__Listed entries__:
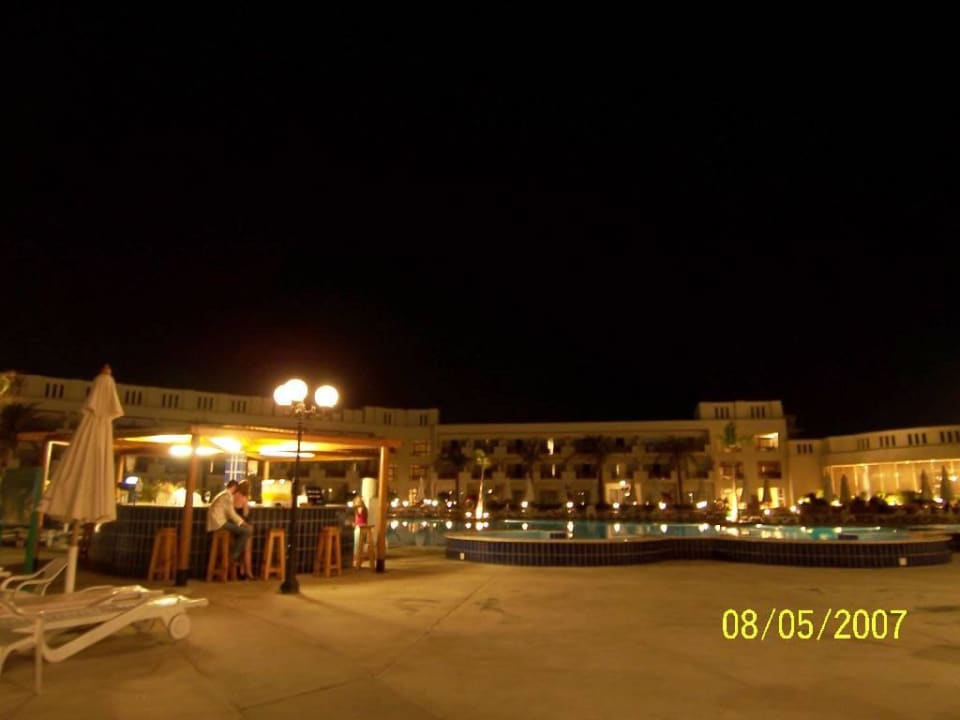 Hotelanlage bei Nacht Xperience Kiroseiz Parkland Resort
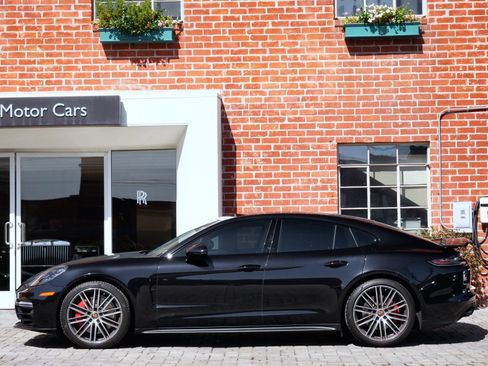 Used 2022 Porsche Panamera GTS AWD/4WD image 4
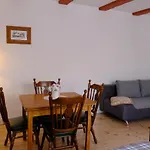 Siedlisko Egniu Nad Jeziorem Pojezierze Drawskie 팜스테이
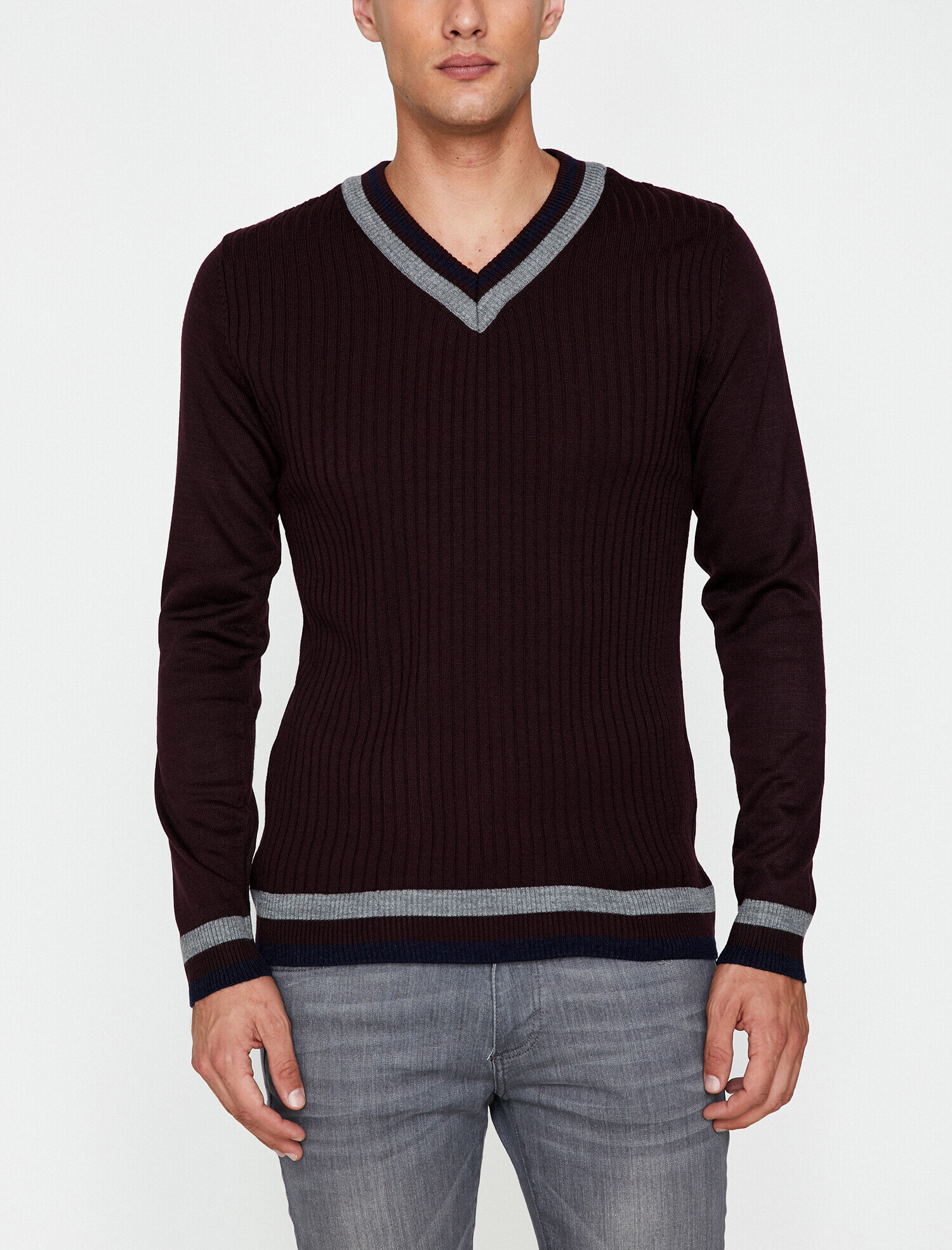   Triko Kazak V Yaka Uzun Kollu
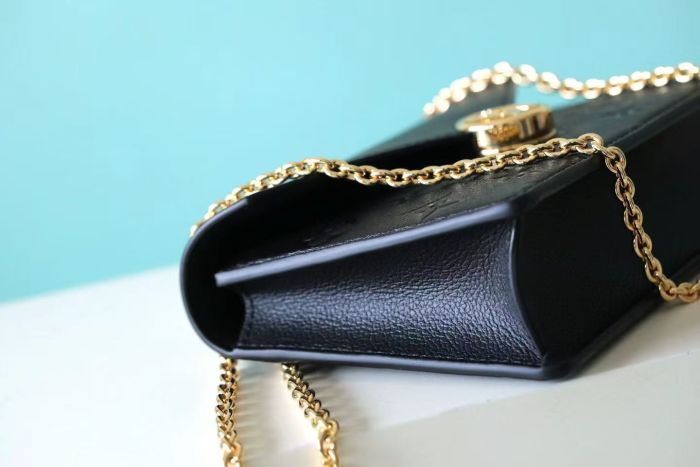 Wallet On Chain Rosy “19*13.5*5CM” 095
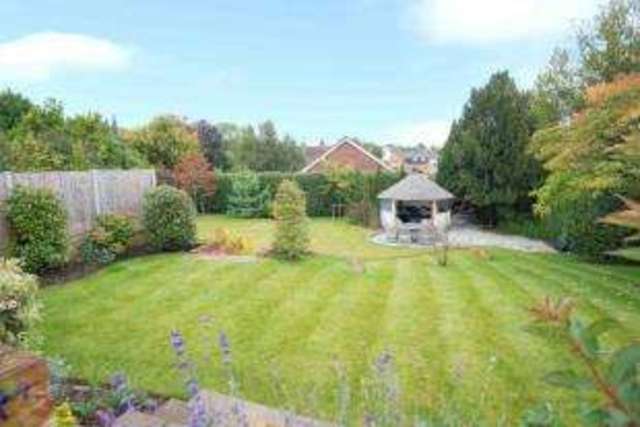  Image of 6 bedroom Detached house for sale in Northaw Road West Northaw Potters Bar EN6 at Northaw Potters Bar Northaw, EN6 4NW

...

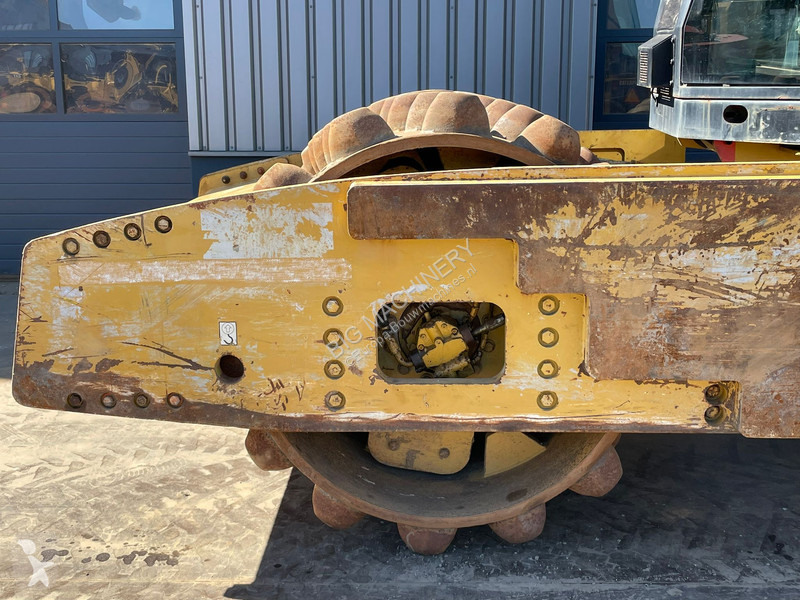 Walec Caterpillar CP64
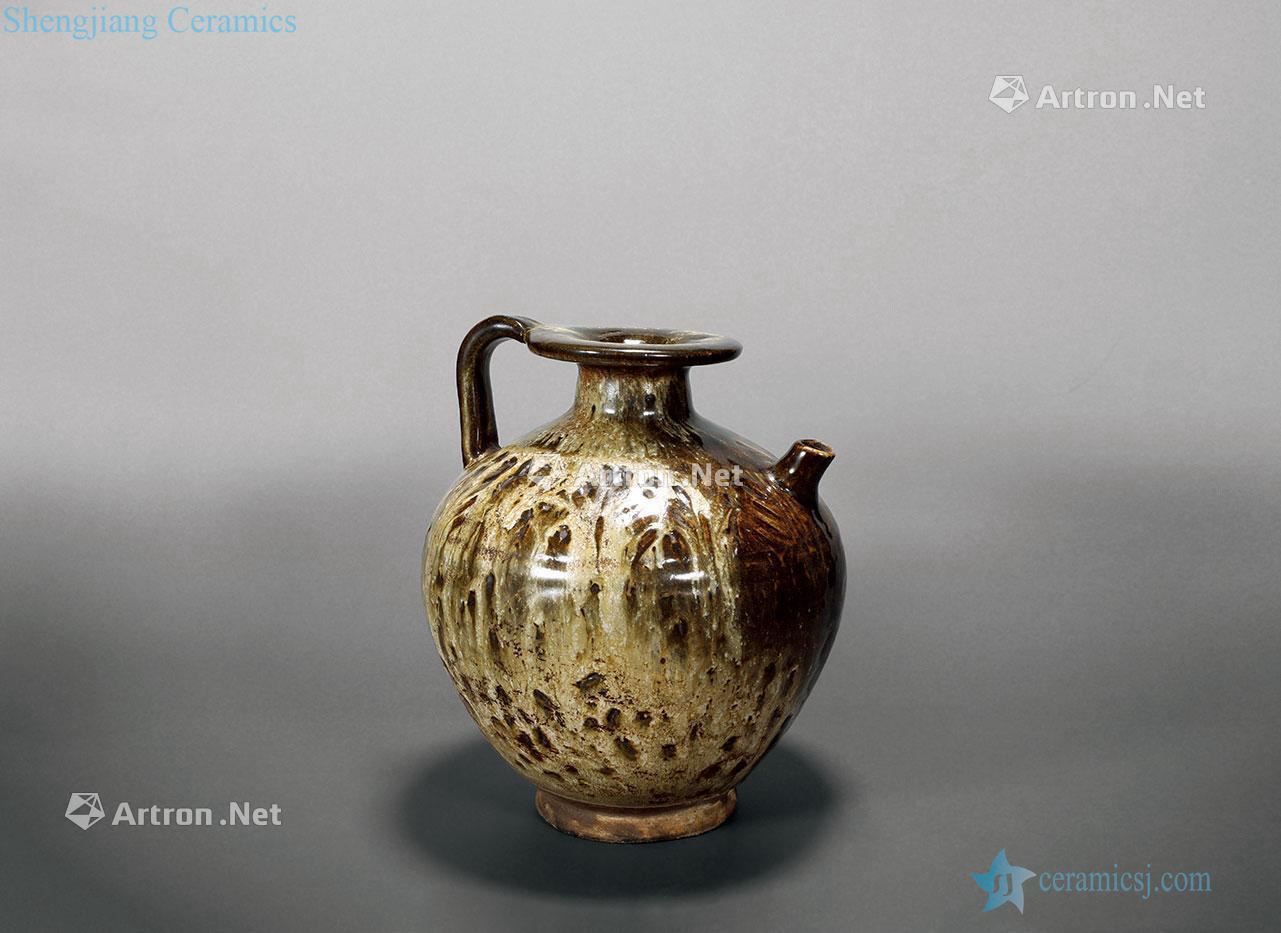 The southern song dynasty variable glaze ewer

---

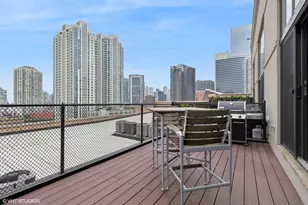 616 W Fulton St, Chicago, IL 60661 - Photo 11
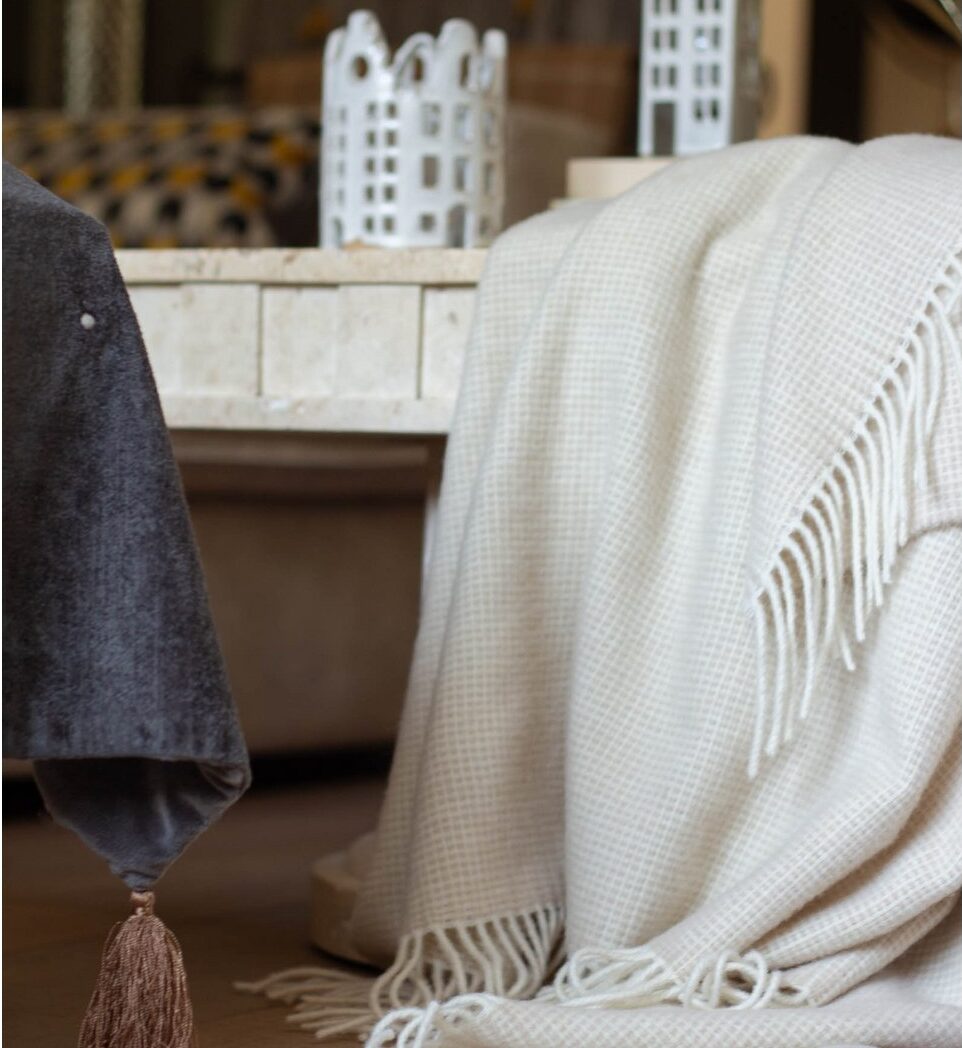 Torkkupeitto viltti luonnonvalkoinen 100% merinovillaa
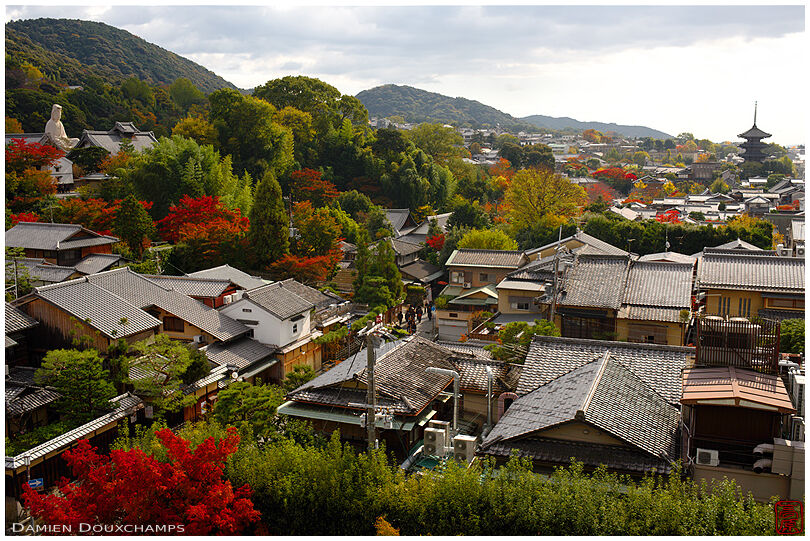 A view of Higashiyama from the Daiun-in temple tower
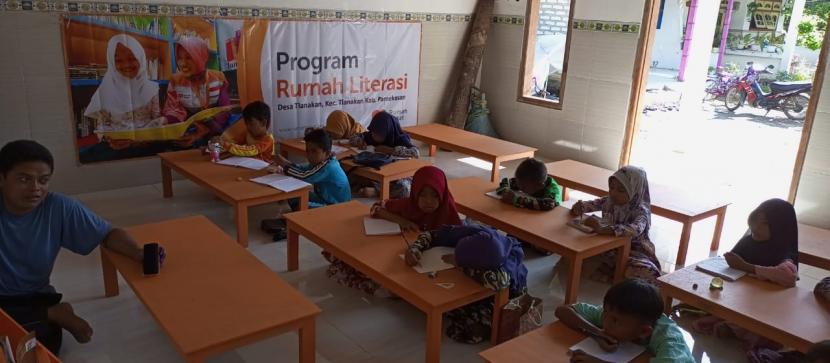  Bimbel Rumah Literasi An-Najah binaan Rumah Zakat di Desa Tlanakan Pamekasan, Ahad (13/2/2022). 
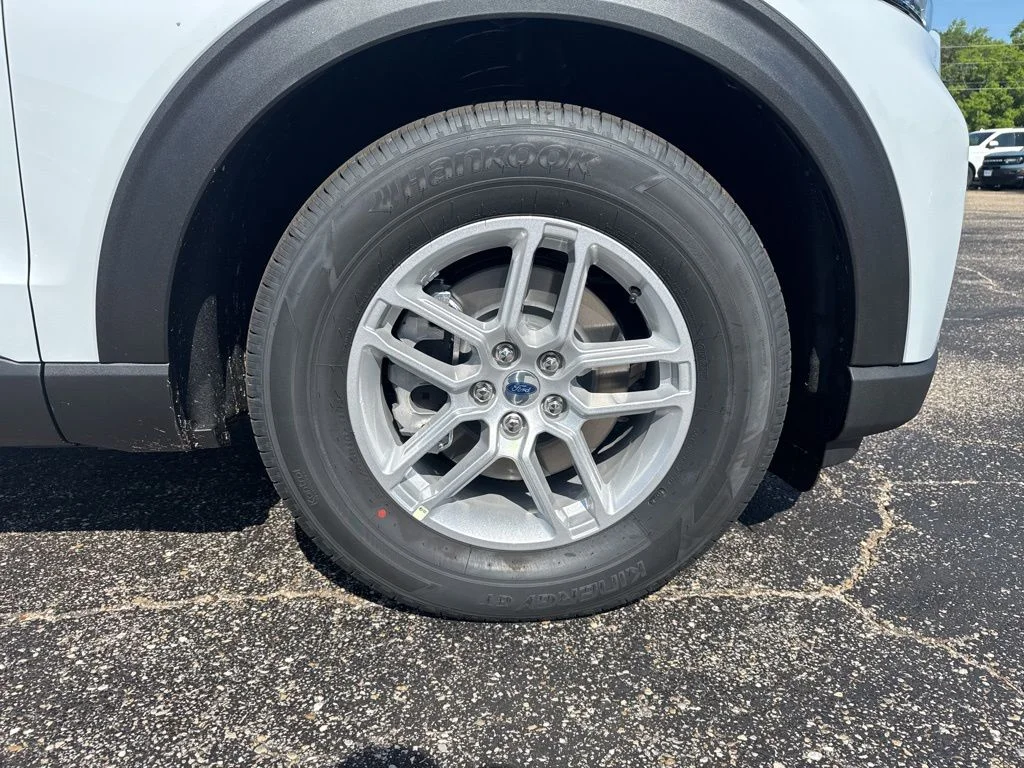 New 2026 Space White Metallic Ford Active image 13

__Required action__:
Among the records above, locate the line containing "Torkkupeitto viltti luonnonvalkoinen" and the line containing "New 2026 Space", then transcribe exactly the lines starting at the first and ending at the second, with no pictures.

__Solution to this problem__:
 Torkkupeitto viltti luonnonvalkoinen 100% merinovillaa
 A view of Higashiyama from the Daiun-in temple tower
  Bimbel Rumah Literasi An-Najah binaan Rumah Zakat di Desa Tlanakan Pamekasan, Ahad (13/2/2022). 
 New 2026 Space White Metallic Ford Active image 13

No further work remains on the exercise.